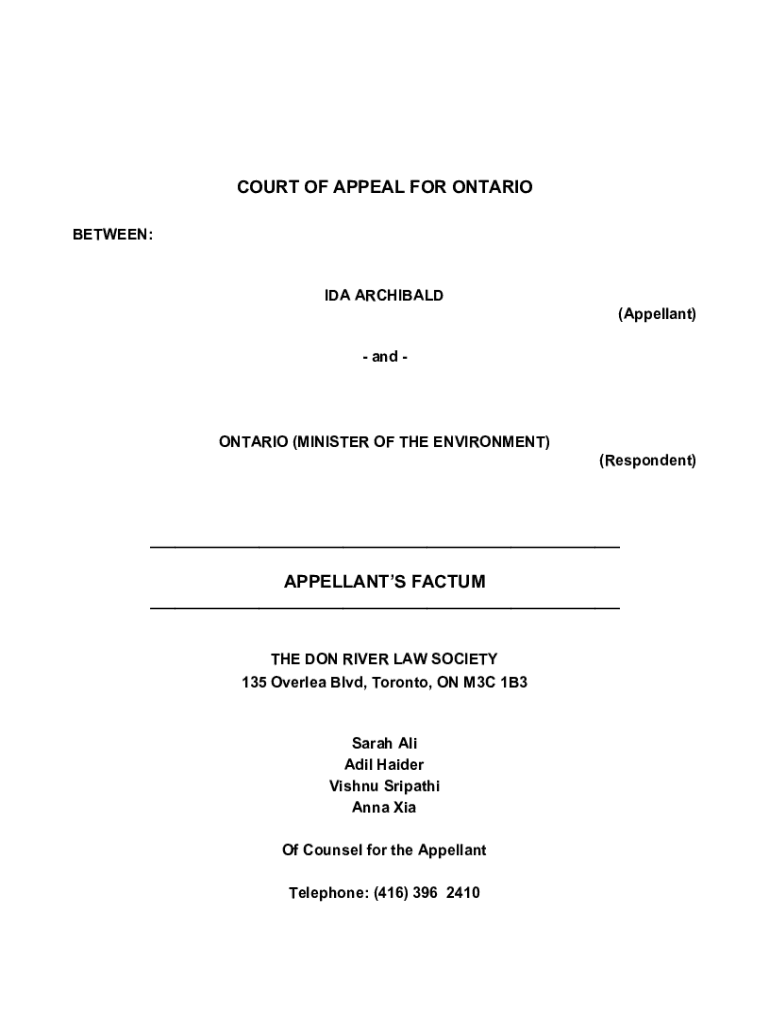 Fillable Online Appeal Factum Template Fax Email Print pdfFiller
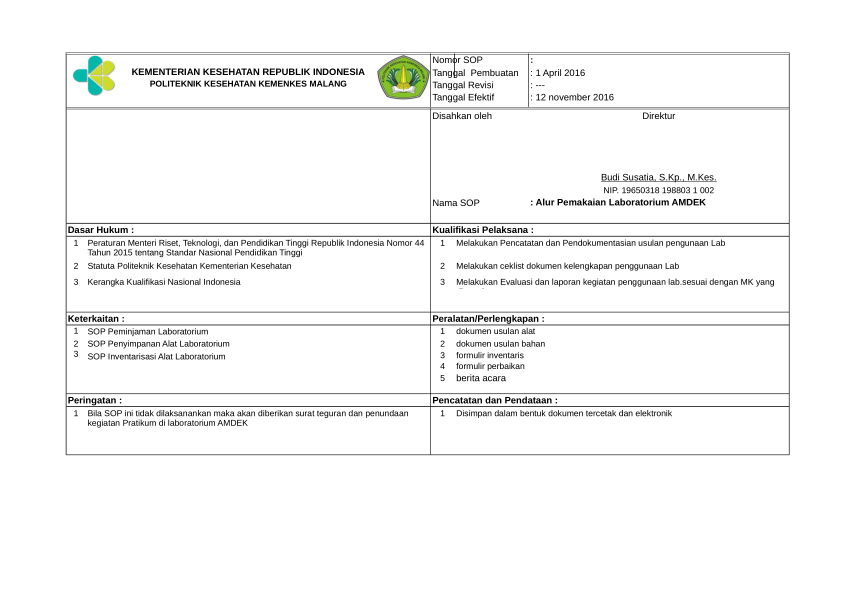 Detail Contoh Sop Laboratorium Nomer 23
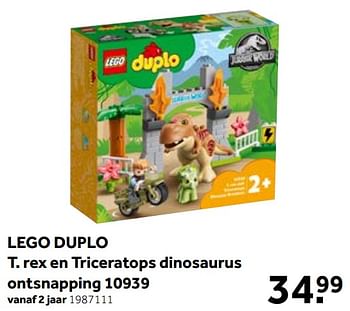 Aanbiedingen Lego duplo t. rex en triceratops dinosaurus ontsnapping 10939 - Lego - Geldig van 01/06/2021 tot 20/06/2021 bij Intertoys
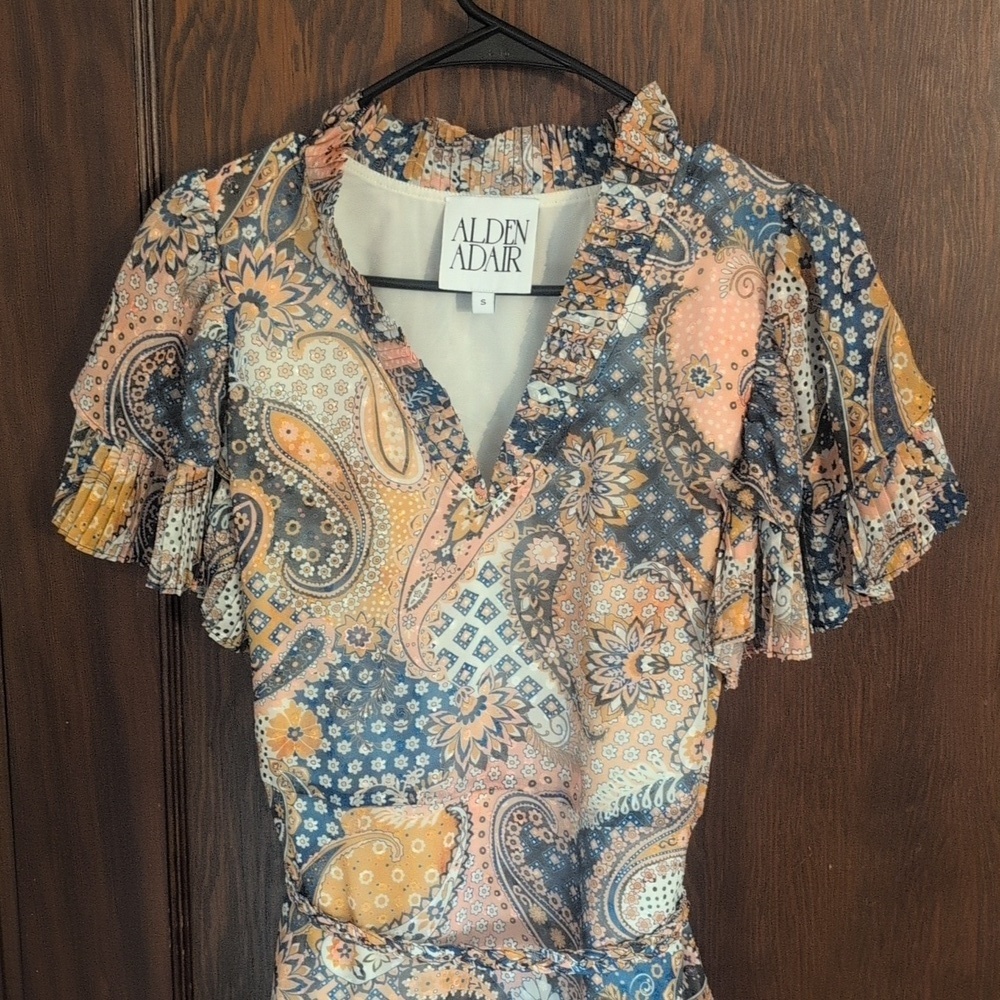 Alden Adair Courtney Paisley Dress Sz S - Picture 6 of 12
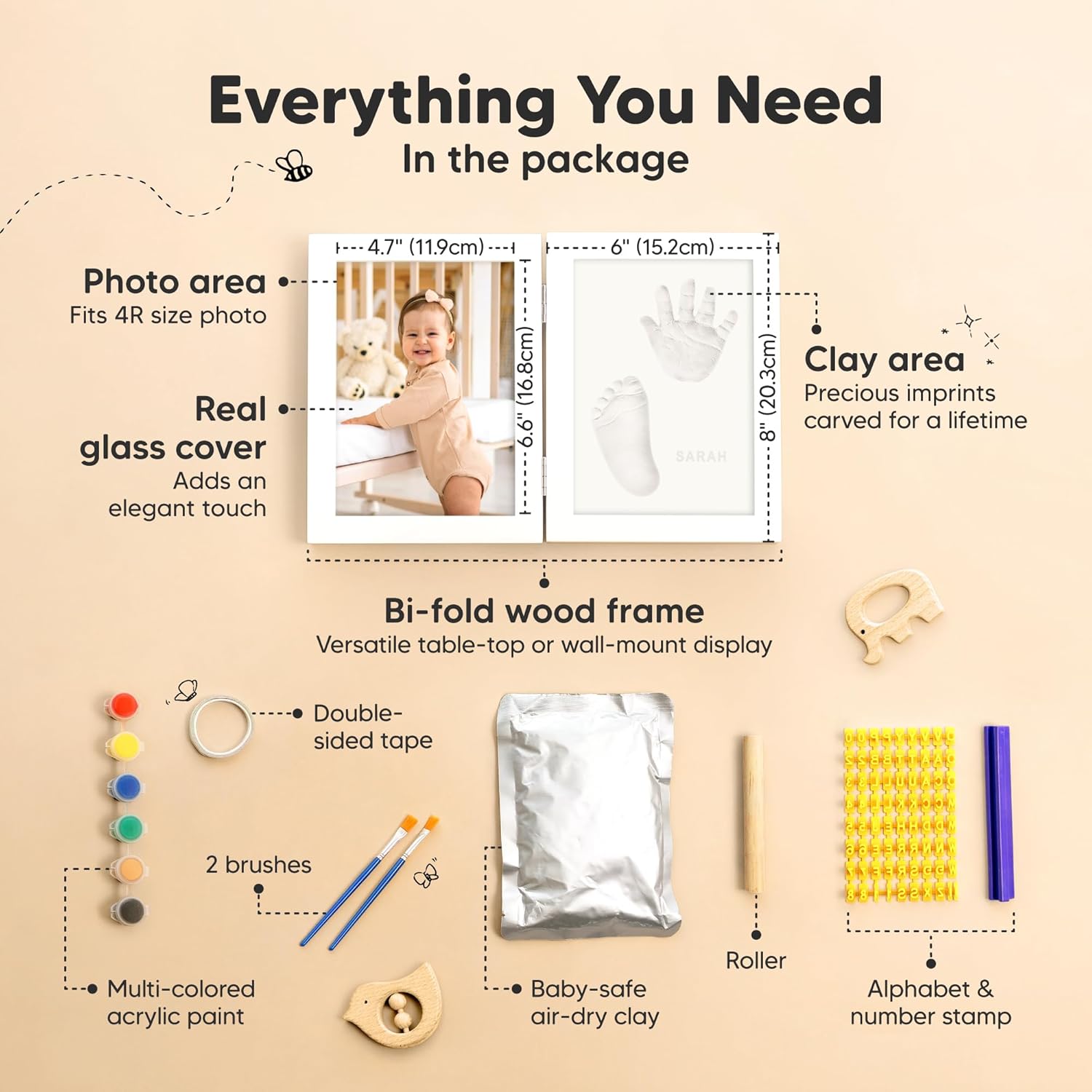 KeaBabies Personalized Baby Keepsake Kit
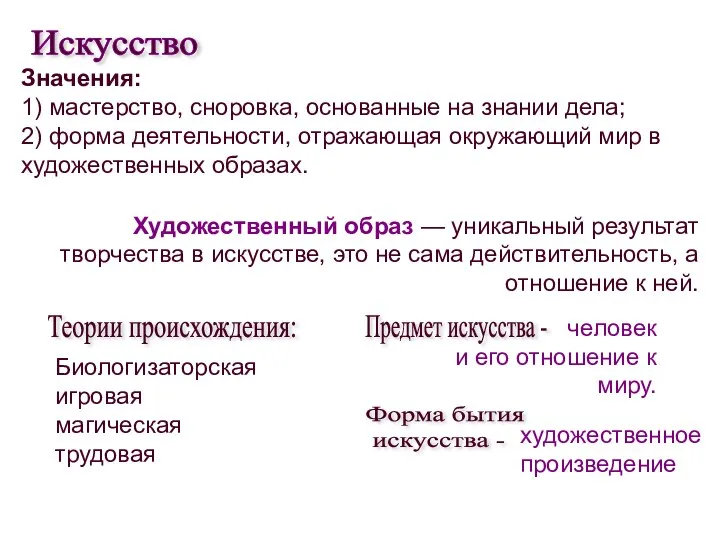 Значения: 1) мастерство, сноровка, основанные на знании дела; 2) форма деятельности,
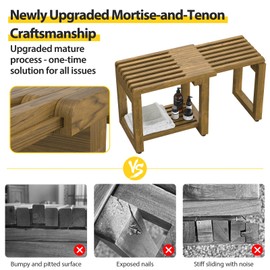 Update Adjustable Wooden Shower Benches for Inside Shower, 26.4'' Wood Shower Bench Waterproof, 440lbs Bathroom Bench with Storage, Sauna Bench for Bathroom, Shower Chairs for Seniors Adults Elderly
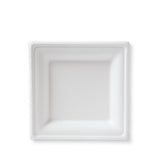 Susty Party 6-Inch Compostable Square Plates (50-Count), Sugarcane Heavy Duty Disposable Biodegradable Plate for Dessert, White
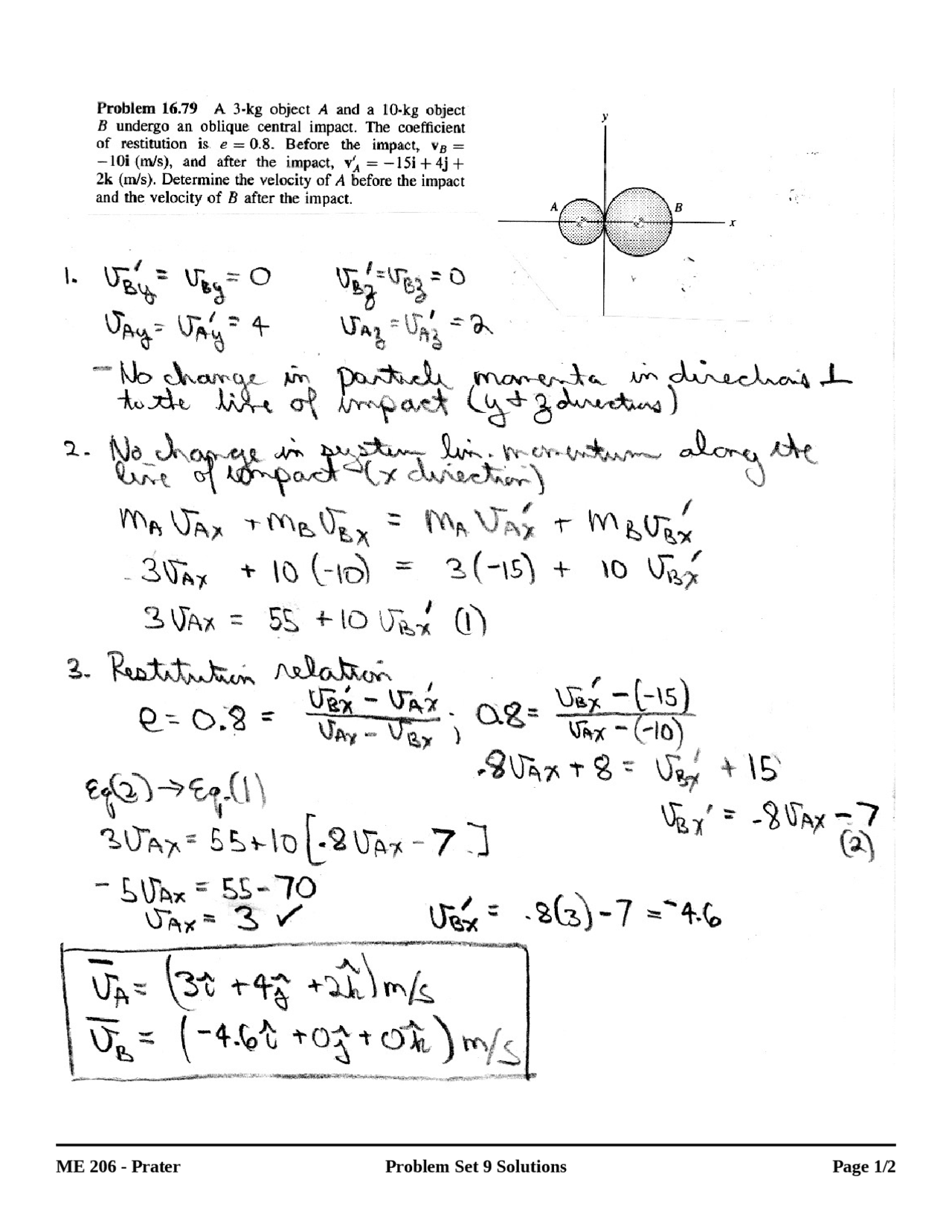 Mechanics II: Dynamics - Problems with Solution | ME 206 - Docsity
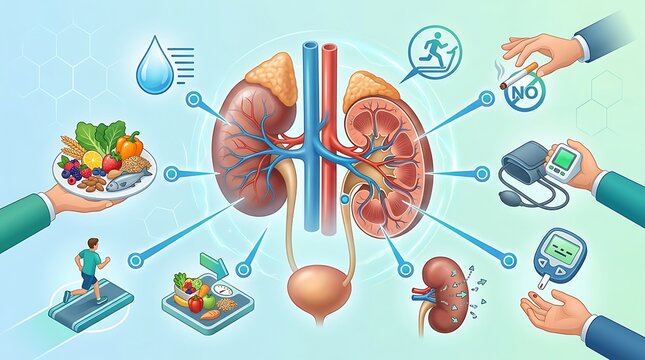 Lifestyle factors for healthy human kidney function infographic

....

Omit the pictures and write out the lines above from the one with "Aanbiedingen Lego duplo" through the last, unchanged.

 Aanbiedingen Lego duplo t. rex en triceratops dinosaurus ontsnapping 10939 - Lego - Geldig van 01/06/2021 tot 20/06/2021 bij Intertoys
 Alden Adair Courtney Paisley Dress Sz S - Picture 6 of 12
 KeaBabies Personalized Baby Keepsake Kit
 Значения: 1) мастерство, сноровка, основанные на знании дела; 2) форма деятельности,
 Update Adjustable Wooden Shower Benches for Inside Shower, 26.4'' Wood Shower Bench Waterproof, 440lbs Bathroom Bench with Storage, Sauna Bench for Bathroom, Shower Chairs for Seniors Adults Elderly
 Susty Party 6-Inch Compostable Square Plates (50-Count), Sugarcane Heavy Duty Disposable Biodegradable Plate for Dessert, White
 Mechanics II: Dynamics - Problems with Solution | ME 206 - Docsity
 Lifestyle factors for healthy human kidney function infographic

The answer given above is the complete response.